## Data
================================

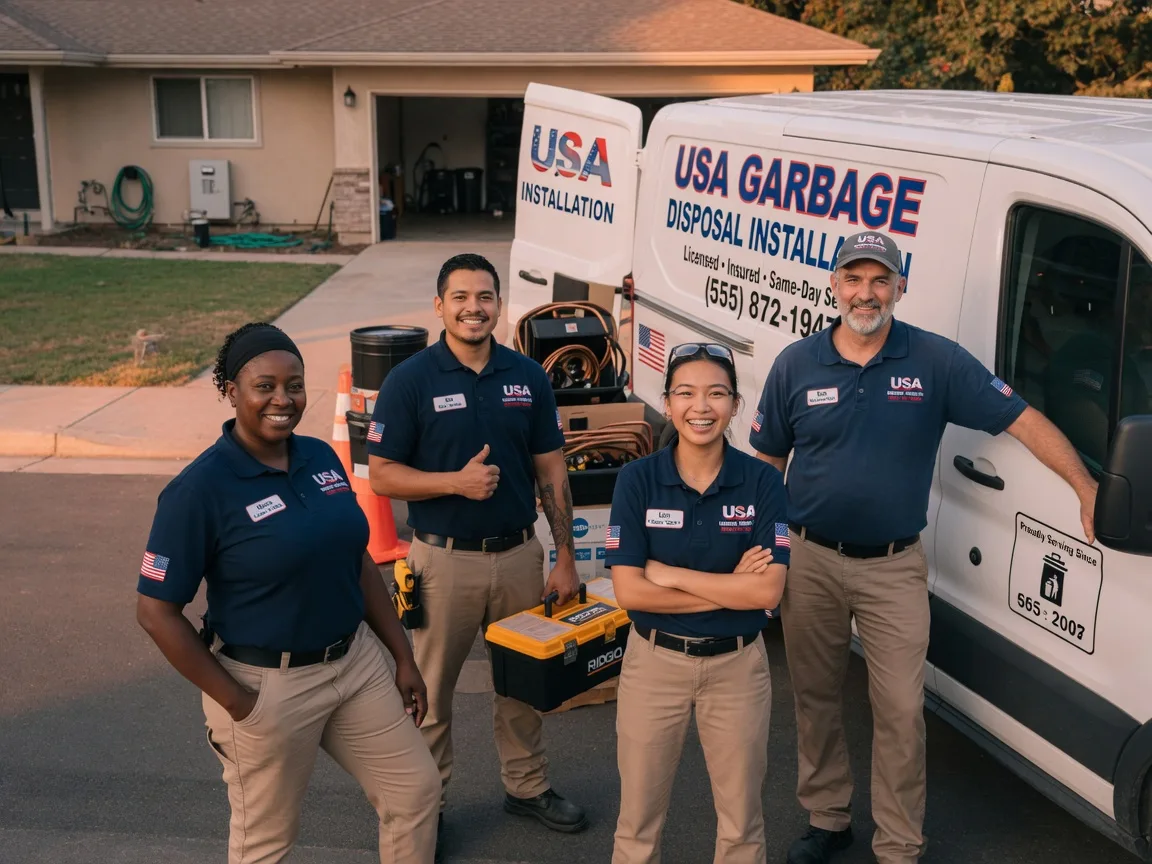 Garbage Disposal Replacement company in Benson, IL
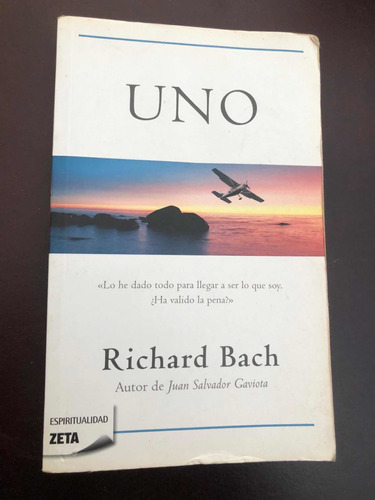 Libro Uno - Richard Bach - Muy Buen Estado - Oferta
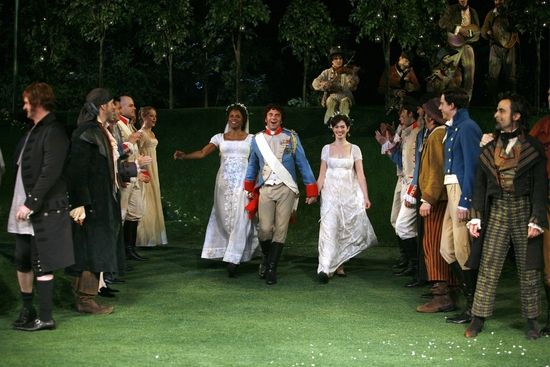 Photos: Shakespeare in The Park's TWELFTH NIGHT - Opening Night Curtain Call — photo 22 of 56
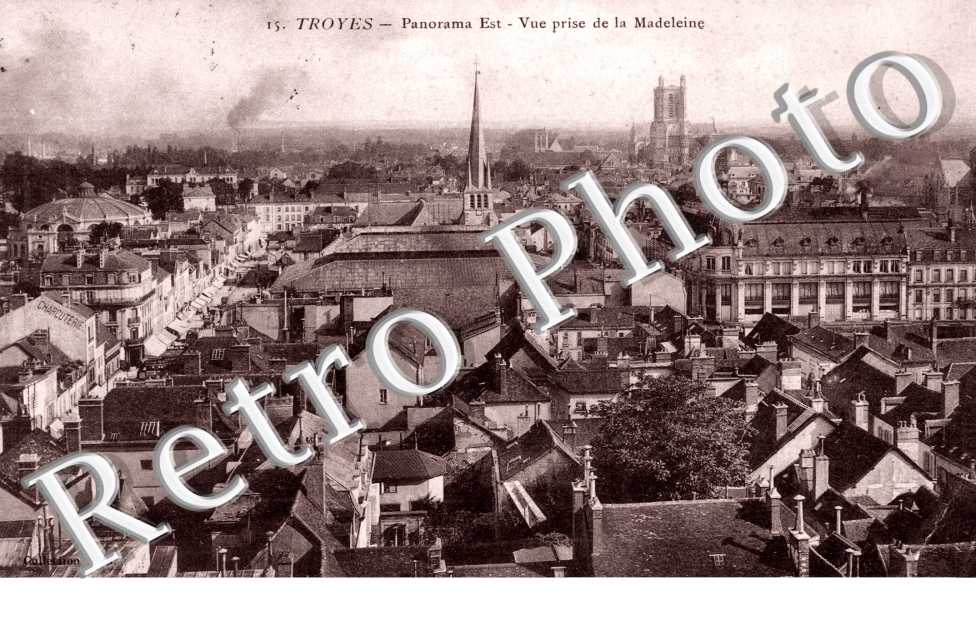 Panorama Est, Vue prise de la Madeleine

================================

## Problem
Transcribe all of the material exactly and leave out its pictures.

## Answer space
 Garbage Disposal Replacement company in Benson, IL
 Libro Uno - Richard Bach - Muy Buen Estado - Oferta
 Photos: Shakespeare in The Park's TWELFTH NIGHT - Opening Night Curtain Call — photo 22 of 56
 Panorama Est, Vue prise de la Madeleine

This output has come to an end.